__Work item__: Return the lines of the listing below exactly as they appear, beginning at the one with "Abstract blue water" and stopping after the one with "Infant baby girl buckled into her car seat."; do not include pictures.
===== Task data =====
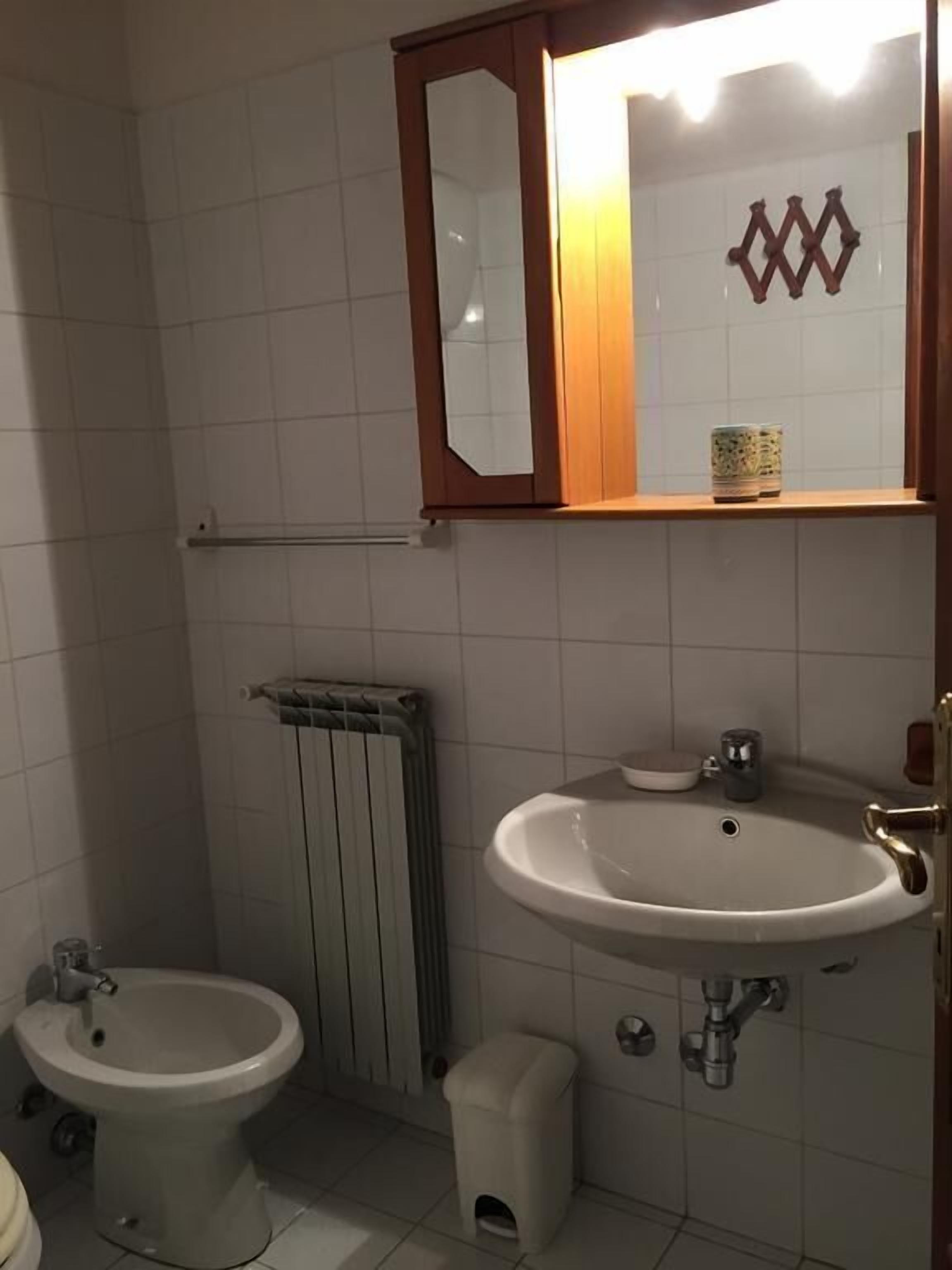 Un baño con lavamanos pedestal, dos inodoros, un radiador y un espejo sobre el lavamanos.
=====
===== Task data =====
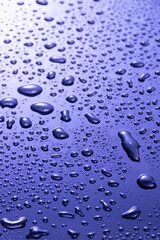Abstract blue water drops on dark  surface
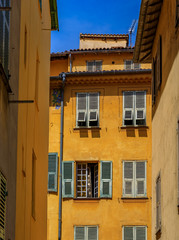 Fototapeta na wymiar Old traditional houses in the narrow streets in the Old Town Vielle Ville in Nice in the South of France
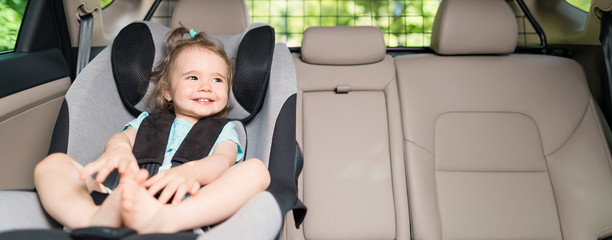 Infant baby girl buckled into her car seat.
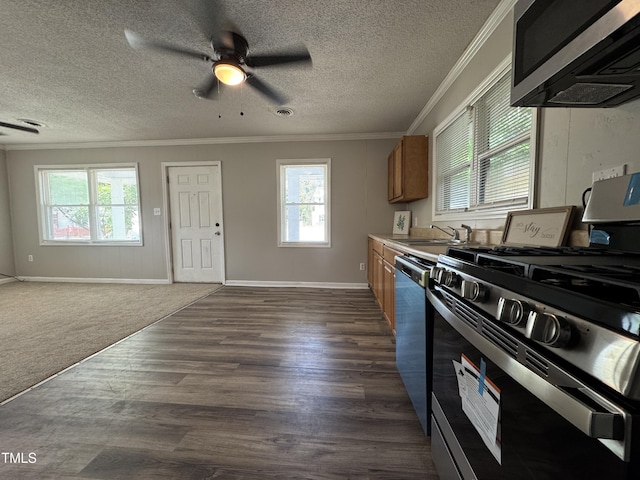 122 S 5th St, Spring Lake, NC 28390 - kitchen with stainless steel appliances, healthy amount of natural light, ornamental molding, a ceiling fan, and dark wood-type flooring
=====
__Solution for this task__:
Abstract blue water drops on dark  surface
 Fototapeta na wymiar Old traditional houses in the narrow streets in the Old Town Vielle Ville in Nice in the South of France
 Infant baby girl buckled into her car seat.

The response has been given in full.